··· Listed records ···

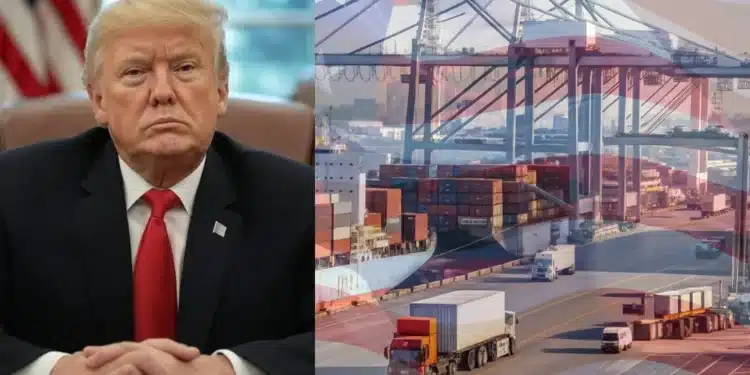 Donald Trump a clá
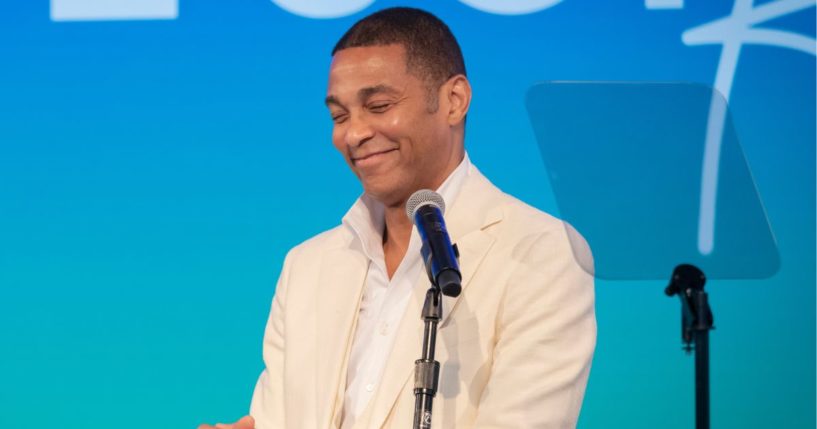 Don Lemon attends the 2024 Native Son Awards in New York City on June 12.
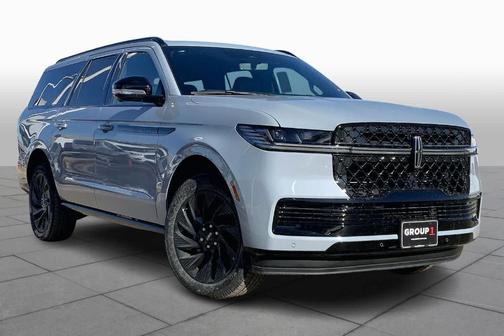 2026 Lincoln Navigator L Reserve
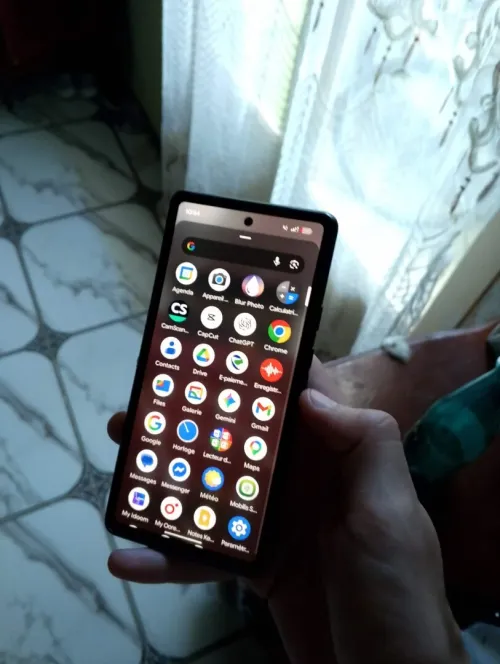 Google pixel 6a original état 10/10 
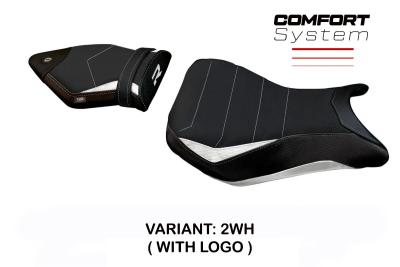 Housse de selle TPZ BSR49S2-2WH-2
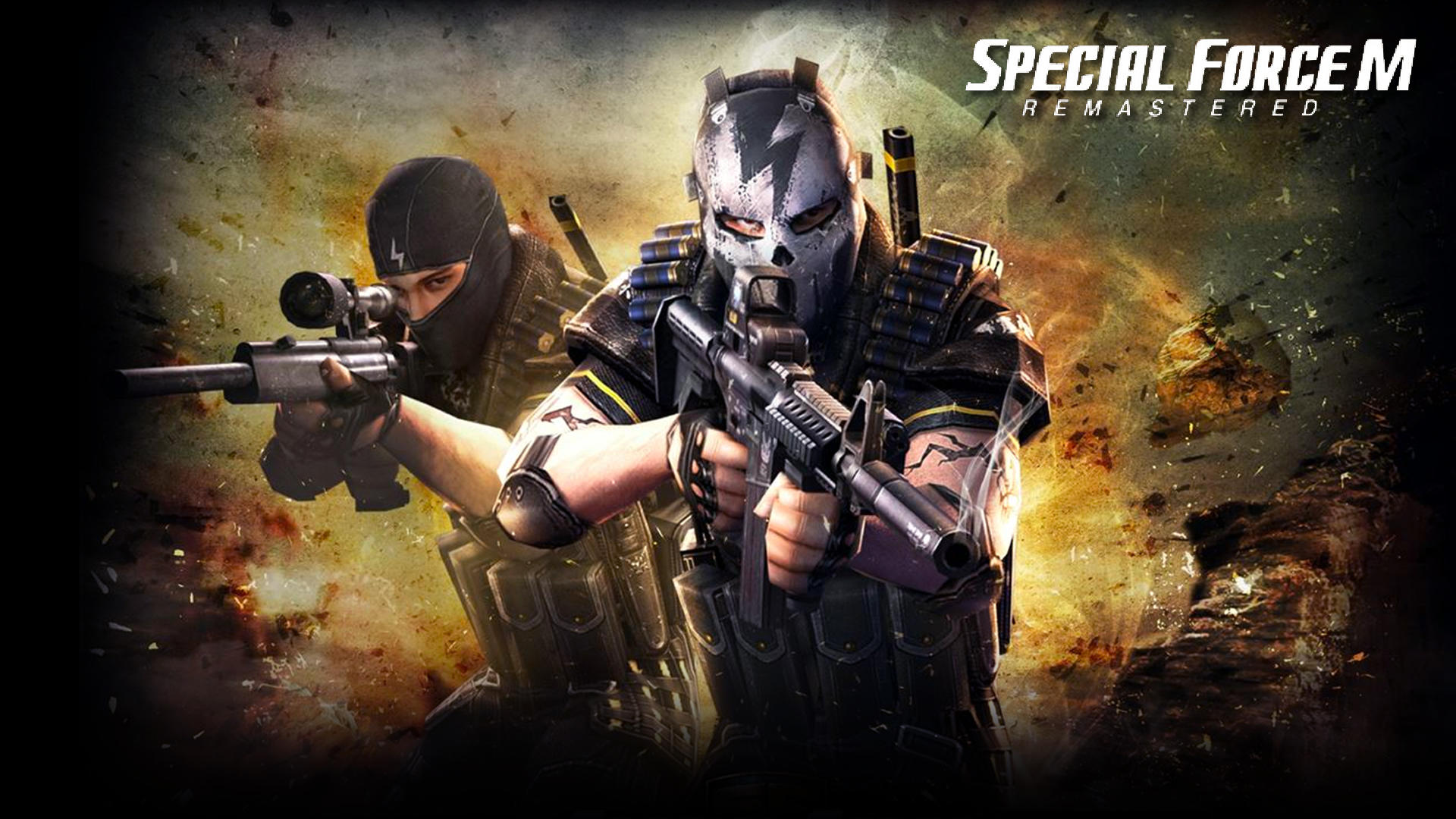Banner of SFM (Special Force M Remaster 0.1.16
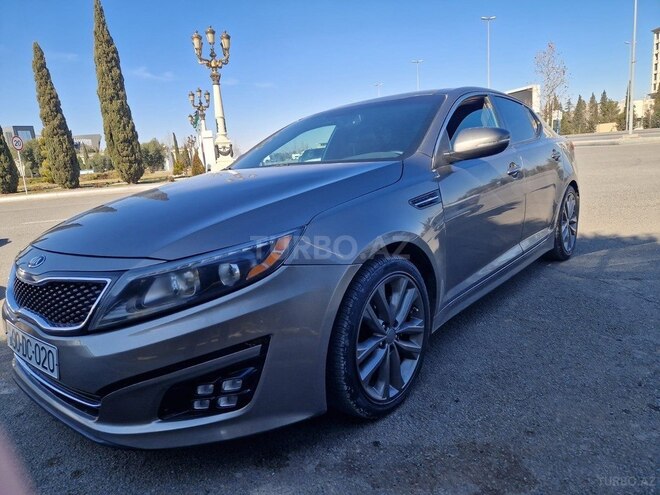 Kia Optima 2014, 185,102 km - 2.0 l - Gəncə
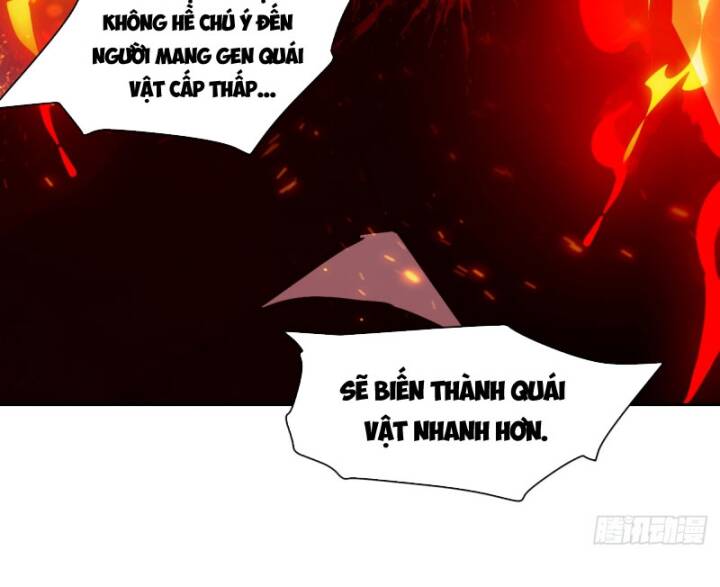 Tay Trái Của Ta Có Thể Dị Biến Chap 57 - Next Chap 58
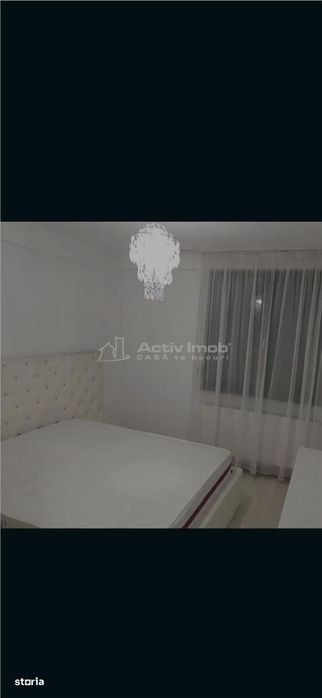 Apartament 2 camere , mobilat, utilat, parter, gradina,bloc nou - Vale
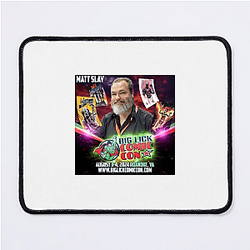 Engaged Parenting Voice Matt Slay Mouse Pads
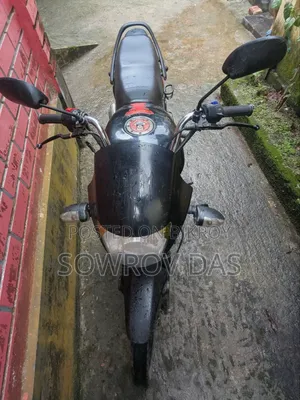 Walton Cruize 2010 Black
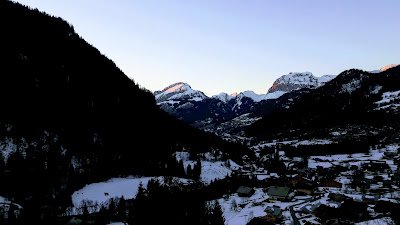 Appartement L'Ours à Châtel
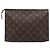 LOUIS VUITTON Monogram Poche Toilette 26 Pouch M47542 LV Auth 201386 Monogramm - Ansicht 2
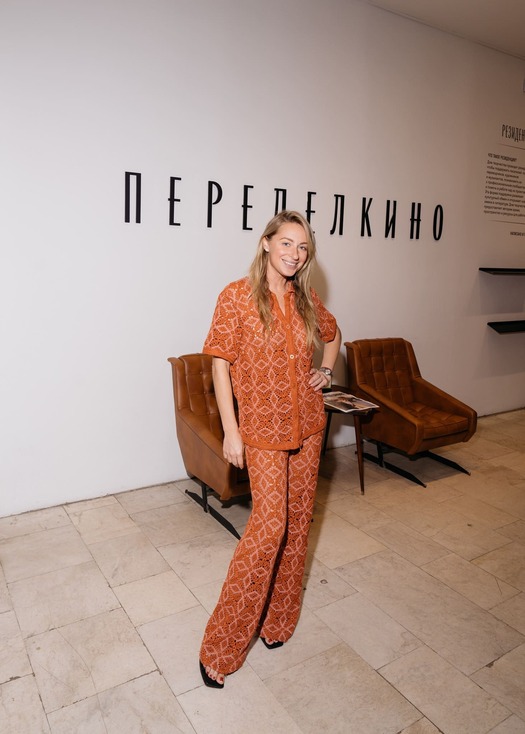 Евгения Левшицкая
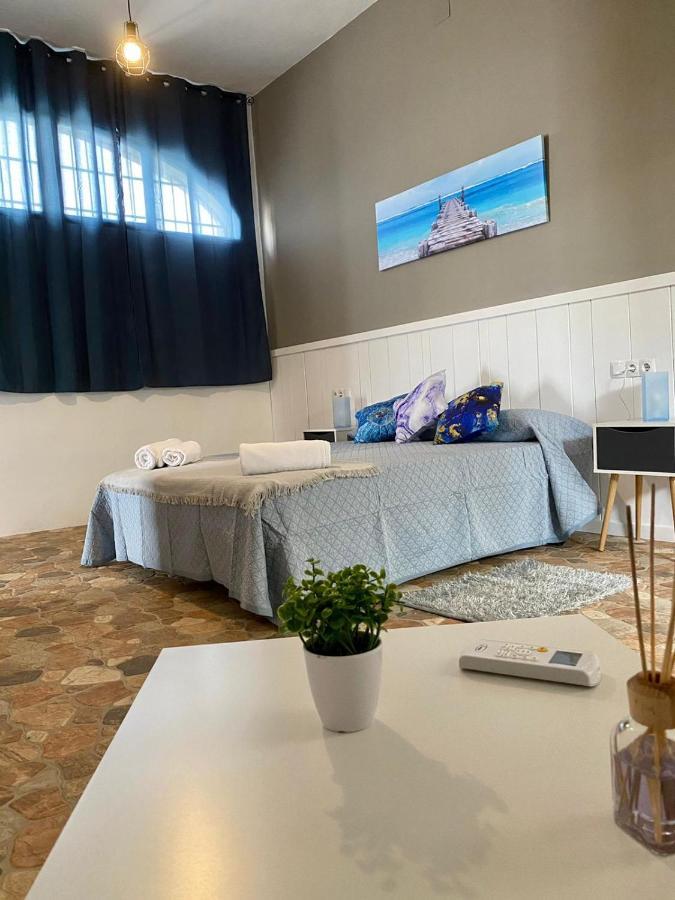 Devmani Hotel Rural Эспартинас Экстерьер фото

···

_Exercise aim:_
Starting at the line where "2026 Lincoln Navigator L Reserve" appears, restate every line through the end of the records above exactly, but omit the pictures.

_Task answer:_
 2026 Lincoln Navigator L Reserve
 Google pixel 6a original état 10/10 
 Housse de selle TPZ BSR49S2-2WH-2
Banner of SFM (Special Force M Remaster 0.1.16
 Kia Optima 2014, 185,102 km - 2.0 l - Gəncə
 Tay Trái Của Ta Có Thể Dị Biến Chap 57 - Next Chap 58
 Apartament 2 camere , mobilat, utilat, parter, gradina,bloc nou - Vale
 Engaged Parenting Voice Matt Slay Mouse Pads
 Walton Cruize 2010 Black
 Appartement L'Ours à Châtel
 LOUIS VUITTON Monogram Poche Toilette 26 Pouch M47542 LV Auth 201386 Monogramm - Ansicht 2
 Евгения Левшицкая
 Devmani Hotel Rural Эспартинас Экстерьер фото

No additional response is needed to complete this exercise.